I also have an old Hydrapak bladder. This is a good bladder, too, but I dislike the Hydrapak bite valve. You have to be too careful when you bite it or you'll pinch a hole in it. It also doesn't flow as well as Camelbak. My Hydrapak just died today after about 10yrs, and mainly just because I took the drink hose off a month or two ago (I needed a longer hose for a new pack I wanted to use) and the fittings were so old they cracked on me. I think I'll replace it with a new Hydrapak and replace the drink hose/bite valve immediately.

I've noticed the most variation and fuss with bite valves. If you don't like what you've got, then swap it with a camelbak one.
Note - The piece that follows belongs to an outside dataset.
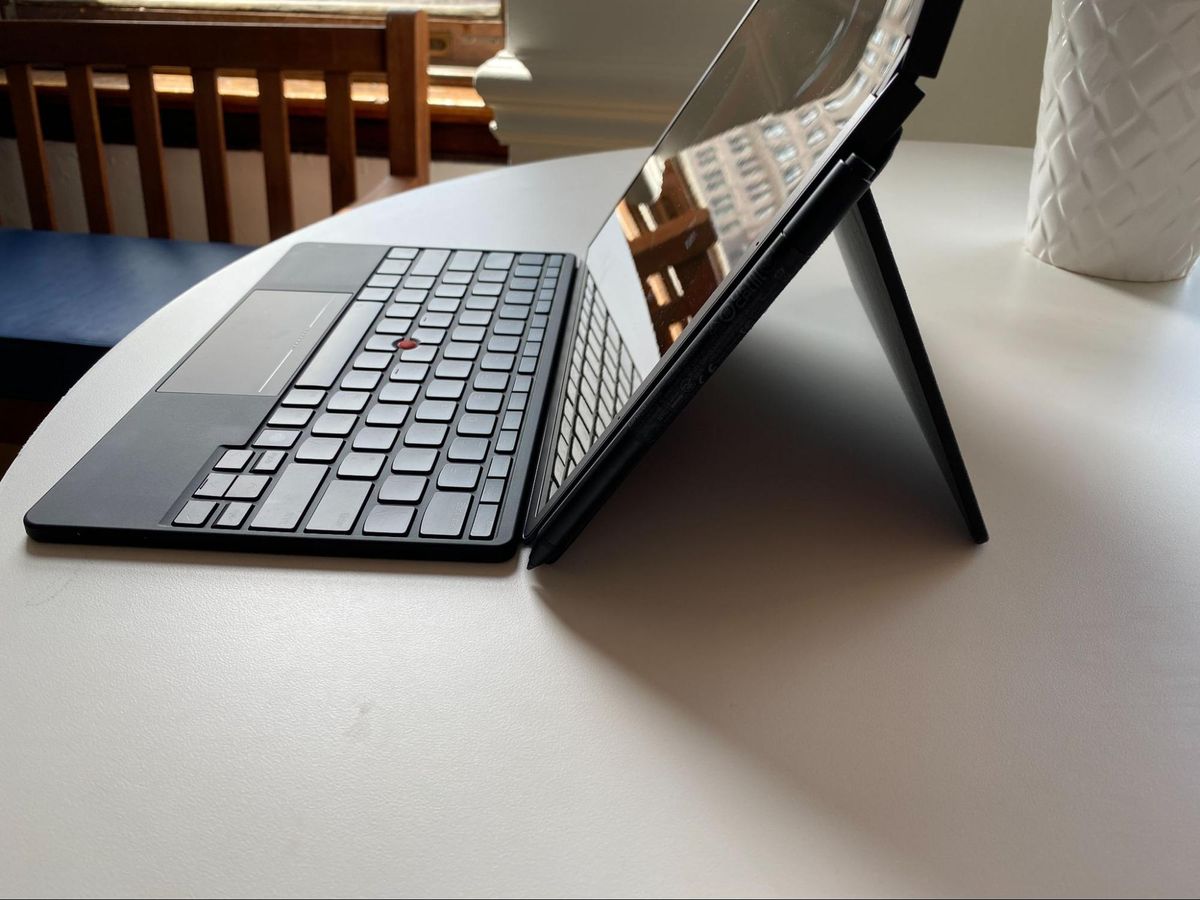 Lenovo's New ThinkPad X1 Fold Goes Bigger | Tom's Hardware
The bladders themselves MOSTLY seem to work well, except the material Platypus uses doesn't hold up well if it scrunches (it develops creases and those creases become pinholes).

It seems to me that whether any funk develops in your bladder or not is largely dependent on the source of your water. I've only had problems with stuff growing in my bladder in places where the water at least in part came from surface water sources. When city water comes from groundwater in entirety, I don't seem to have any trouble.


----------



## bulldog39 (Feb 23, 2012)

*camelbak mouthpeace*

Hi
im new to this so sorry if i posted in wrong thead, i got a argos value camelbak, its servered me well but the mouthpeace leaks badly on the last few time i have been out so i thought i would get a new mouthpeace but the end of mouthpeace is on the small side and is loose on the tubing, does any1 know of a quick fix to make it watertight till i can afford a new camelbak as money is tight being unemployed 
many thanks


----------



## ricky916 (Jun 7, 2011)

My mule only leaked when a part of the mouthpiece was pierced by my teeth, replaced it and not a drip.


----------



## AZ (Apr 14, 2009)

bulldog39 said:


> Hi
> im new to this so sorry if i posted in wrong thead, i got a argos value camelbak, its servered me well but the mouthpeace leaks badly on the last few time i have been out so i thought i would get a new mouthpeace but the end of mouthpeace is on the small side and is loose on the tubing, does any1 know of a quick fix to make it watertight till i can afford a new camelbak as money is tight being unemployed
> many thanks


Cut the hose about 3/4" shorter, re install the mouth piece.


----------



## leeboh (Aug 5, 2011)

Ricky, don't bite your mule in the mouth.That there is funny.


----------



## Pedalphile (Aug 6, 2008)

Thank you, Bot, for I now have a new sig.


----------



## thomllama (Oct 3, 2007)

I Build Packs now as I've found no one company makes the whole thing good...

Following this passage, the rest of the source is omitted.